(CNSNews.com) - The U.S. Treasury is depleting its cash at an accelerating pace, drawing down its cash balance by $81.6 billion in the just the first four days of March, leaving the federal government with only $108.9 billion on hand, according to the Daily Treasury Statement released Monday afternoon.
At the beginning of February, the Treasury had $349.1 billion in cash on hand, but spent that down by $158.5 billion during the month, ending February with only $190.6 billion on hand.
Were the government to continue to draw down its cash balance at the $20.4 billion-per-day rate that prevailed in the first four days of March, it would spend its way through its final $108.9 billion in little more than five days.
Under current law, the U.S. Treasury may only run the national debt up to $14.294 trillion. At the end of February, according to the Treasury’s Monthly Statement of the Public Debt, the total debt subject to this legal limit was $14.142331 trillion—just $151.669 billion short of the limit.
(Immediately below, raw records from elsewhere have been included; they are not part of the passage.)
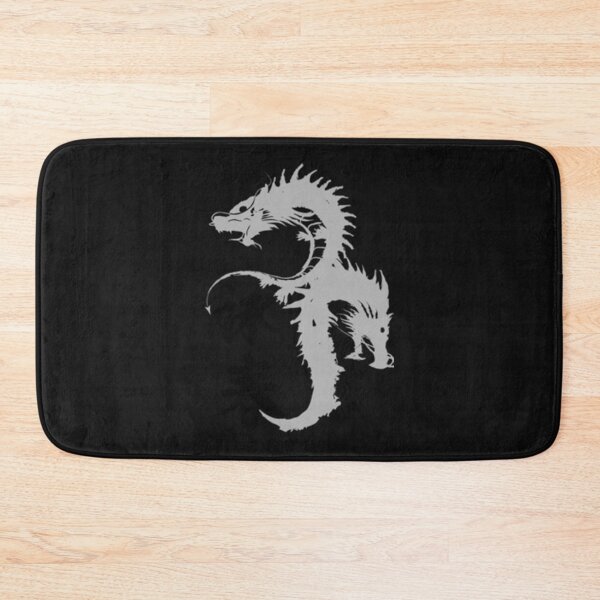 Item preview, Wing chun gray dragons 3 of 6 Classic designed and sold by chmielcnjamim.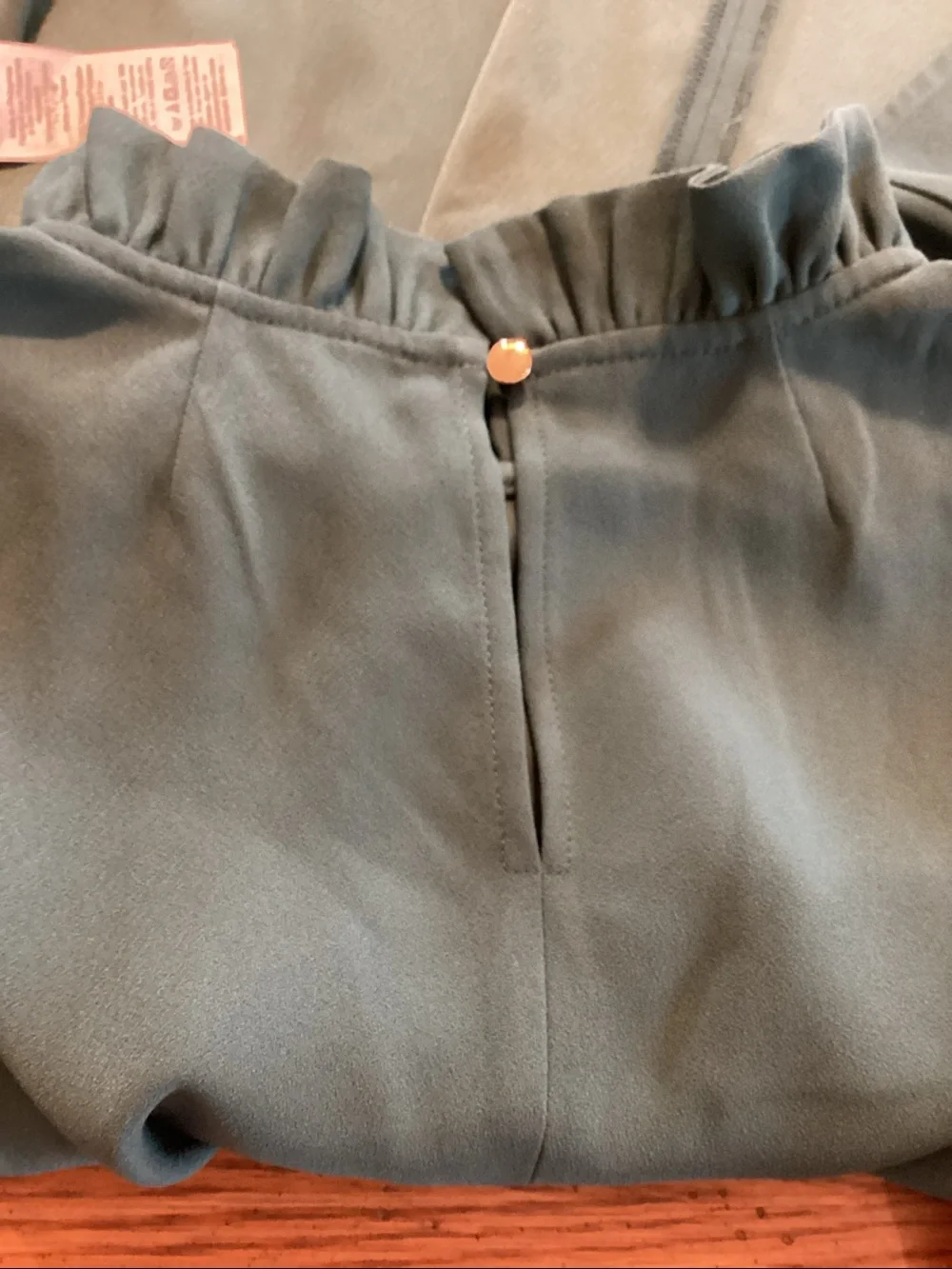J. Crew crew long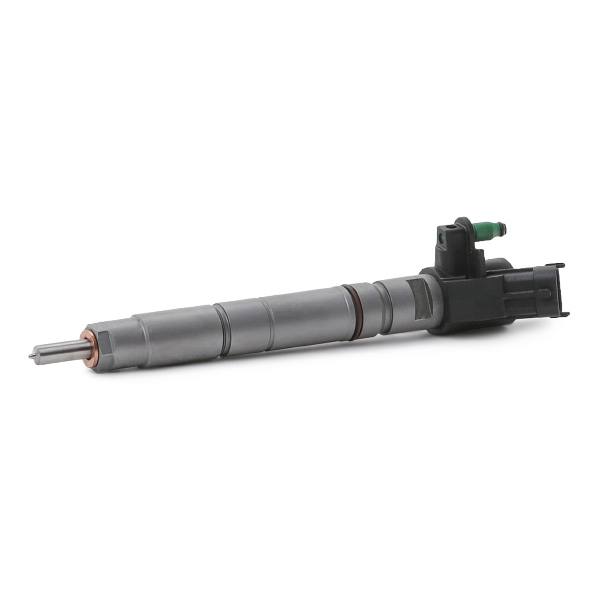 Injector Nozzle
Had the Treasury not spent down the $81.6 billion in its cash balance in the first four days of this month and borrowed that money instead, it would have significantly reduced its remaining legal borrowing authority.
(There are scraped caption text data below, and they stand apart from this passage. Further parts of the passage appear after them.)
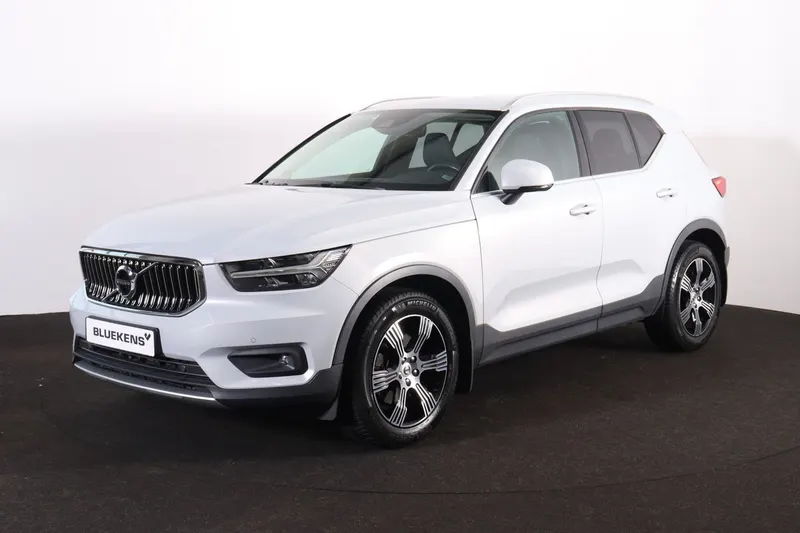Volvo XC40 (2020)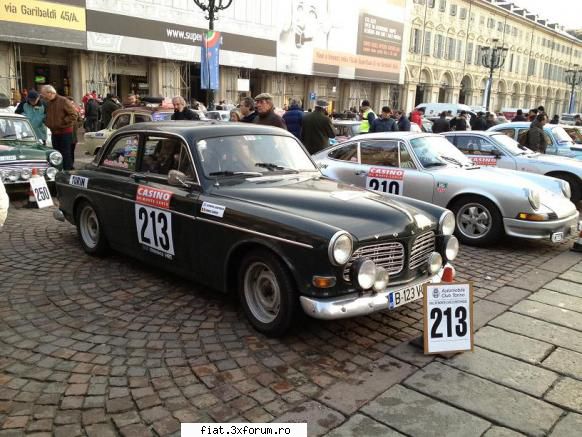 rallye monte carlo historique 2012 ora asta echipaj reprezinta romania rallye monte carlo tinem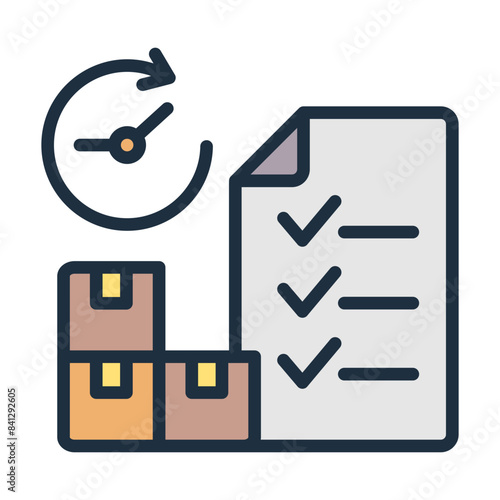 Clearance Icon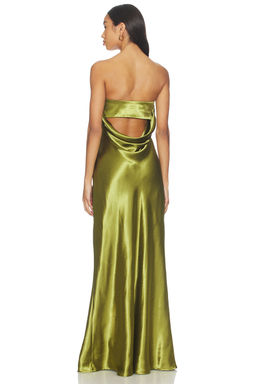 Lovers and Friends - Lucy Gown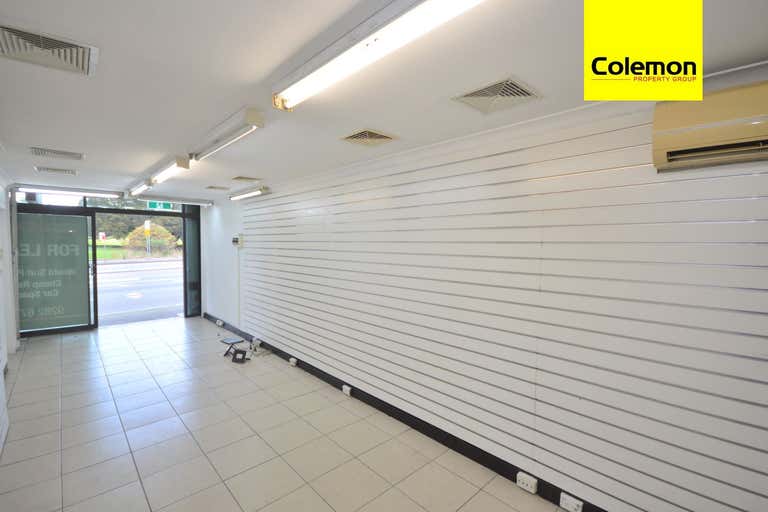 LEASED BY COLEMON PROPERTY GROUP, 257 Broadway Glebe NSW 2037 - Image 3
For the Treasury to borrow more than the current $14.294-trillion limit, Congress and President Barack Obama will need to enact new legislation authorizing the Treasury to increase the national debt up to whatever new limit they find agreeable.
The Treasury’s largest single expenditure in the first four days of March, according to the Daily Treasury Statement, was paying off maturing debt. During those four days, Treasury paid $128.477 billion to redeem old bonds. At the same time, it borrowed $133.196 billion by selling new bonds.